I hope that at some point they will pay for a professional audit, but it's already awesome to see where they got.
Also what is the particular use case here? Why use it over one of the other kernels out there? I see a lot of 'safe' and 'modern' but nothing showing how it is better/worse than the competition. What are the trade offs here? What do you get with this kernel and what is missing?
The key difference between unikernels (and library OSes) vs. other kernels is that each kernel is different with a unikernel. Your application goes through a process of specialization, where you can decide exactly the necessary features (e.g. libraries, syscalls, memory allocation, scheduler, etc.) are necessary or desired for your application. Additionally, other kernels are typically multi-process whereas a unikernel is inherently single-process since it does not support syscalls like fork. (That said, at Unikraft, we are working on supporting fork, eta. late April).
Additionally, before Unikraft, one of the major trade-offs was developer time and effort to get your application into a unikernel. Since Unikraft has been actively developed for several years by ~100+ people, it has become much more stable, feature complete and easier to use; ultimately making unikernels easier to approach.
Today, in-addition to multi-process applications, the trade-off now really depends on your usecase and so selecting whether you wish to deploy your application as a unikernel or on top of a monolithic kernel or microkernel. For example, developer environments which require many subsystems, multiple programs, etc., where you can't know everything ahead-of-time, are still best suited for multi-user, monolithic kernels that can run most workloads.
Another thing to note is that unikernels are designed to be immutable and are often created in a CI/CD context. This means that they are single-purpose and if you wish to change them, you need to re-build (or re-package).
That's a giant stretch. Kraft is a surname.
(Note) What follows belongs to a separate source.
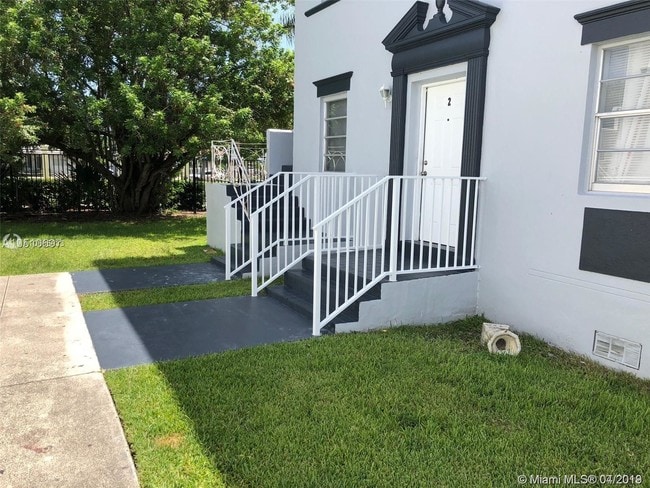 Building Photo - 1770 Normandy Dr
I assumed it was an April fools joke that Kraft the cheese company was making their own cloud (which would be hilarious).
I wonder whether we could get Kraft to sponsor us :) . Unikraft used to be called Unicraft but was changed to a "k" for name clash reasons. Agree that names are hard.
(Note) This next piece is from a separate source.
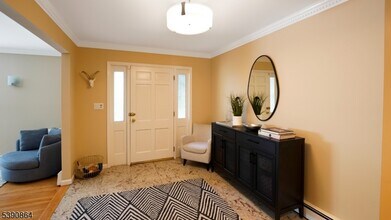 174 S Mountain Ave in Montclair, NJ - Building Photo - Building Photo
I caught on to that immediately. My statement was meant to mean that it would so so unlikely to indicate the Raft protocol, that it’s more likely to have been a reference to these other things. It is not a reference to those things, but it even less of a reference to Raft.
The parent is downvoted because the original comment contained some stretch logic talking about possible confusion with Raft consensus protocol due to naming similarities, the current comment is after the ninja edit.